As she looks into it, and deals with super weak and sexist legal representatives, the case becomes deadly serious and she truly risks losing her child, as well as all her assets and her business.  We quickly meet a truly nasty antagonist, the bland and professional seeming Mr. Parrish.  Meanwhile, we also follow the story of Jews fleeing the pogroms in Europe and arriving in London, where they are often exploited by criminals and attacked by racists or a combo of both.

These two storylines combine in a rich historical adventure that all center around Sally.  I was able to guess quite quickly who was behind it all and it was a bit frustrating that it took Sally so long.  That felt a bit manipulative on Pullman's part, though he explains himself away by basing it on her psychology (she knew all along but didn't want to face it; why?).  My distrust held back some of my enjoyment as Sally really goes through the wringer.  He pulls it out in the end, but the promise of a competent, extraordinary woman that the first book is set up is not fulfilled here in a lot of ways.  She spends much of the book being victimized and never gets to use her skills (no cool financial gamesmanship, she never shoots anybody).  This what we call deprotagonization in the tabletop RPG business.  For instance, in one scene when she is down to her last shillings and she pawns the watch that her father gave her and gets a super low price for it.  I get that Pullman wants her to be as desperate as possible, but this woman is super skilled at money and her dad taught her to be tough and street smart.  This could have been a good opportunity for her to show some mettle and skill and instead she meekly accepts the price.

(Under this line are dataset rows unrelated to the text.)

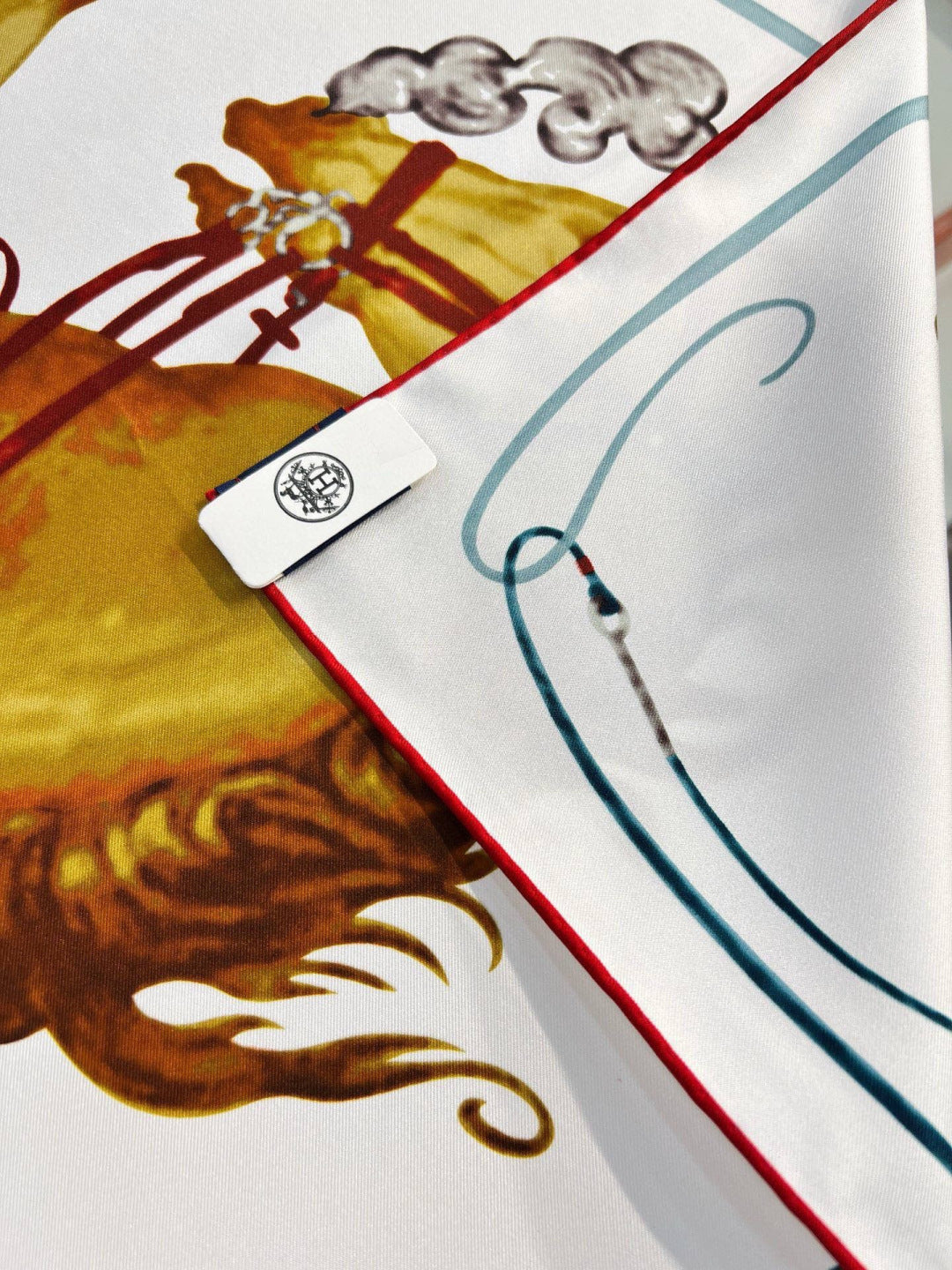 HERMES 26S PRINTED SQUARE SCARF 88 IN SILK 309922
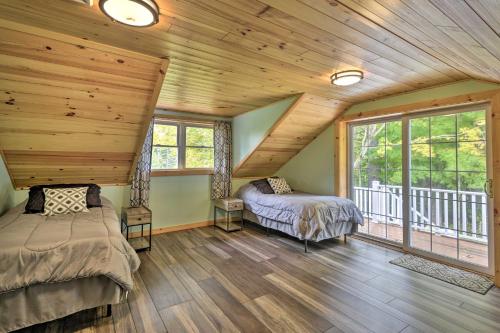 Postel nebo postele na pokoji v ubytování Peaceful Home with 11 Acres, Creek and Fire Pit!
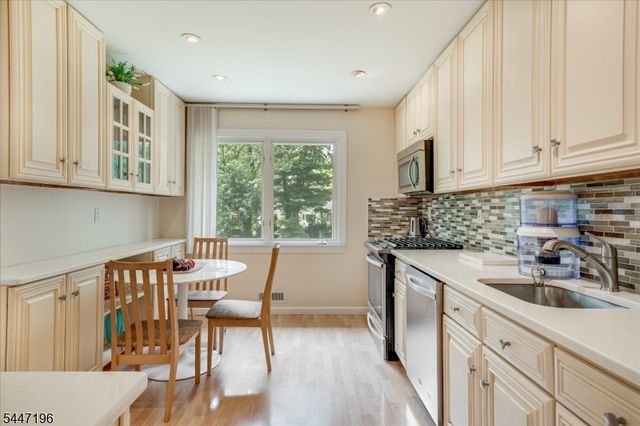 57 Robbins Ave, Berkeley Heights Twp., NJ 07922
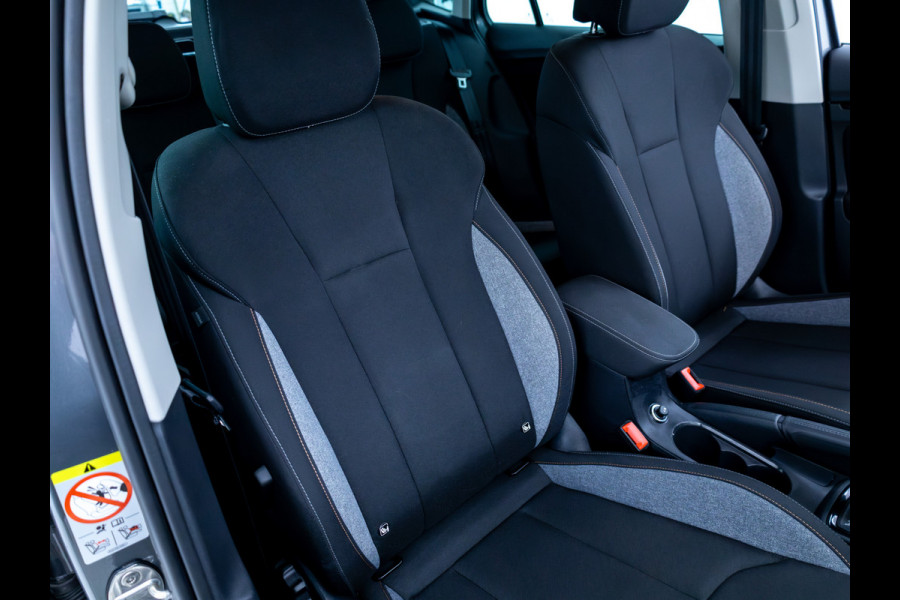Škoda Kamiq 1.0 TSI Business Edition automaat | Cruise | Parkeersensoren V+A | Climate control | Apple Carplay, Android auto, Led, Extra getint glas achter
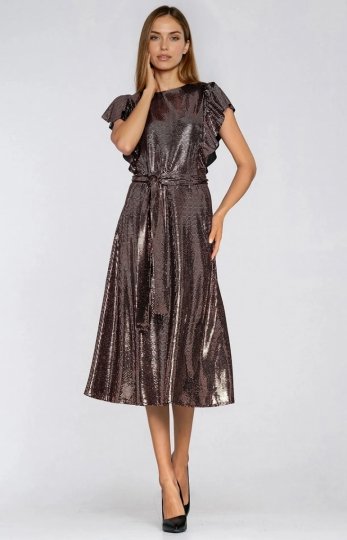 Błyszcząca sukienka z falbanami na ramionach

The other characters and the situation is wild enough that once we start to see some hope, the book gets really fun.  Sally doesn't use her skills, but she is brave and resourceful and quite tough.  We get to see a lot of the lives and locations of the poor Jewish community and this is quite interesting and entertaining.  The finale is quite wild, a real page-turner, so much that I partially blame it for my insomnia and me writing this at almost 2 in the morning.  Too stimulating!

So some minor hiccups but overall this was an excellent adventure and I am glad I am working my way through this series.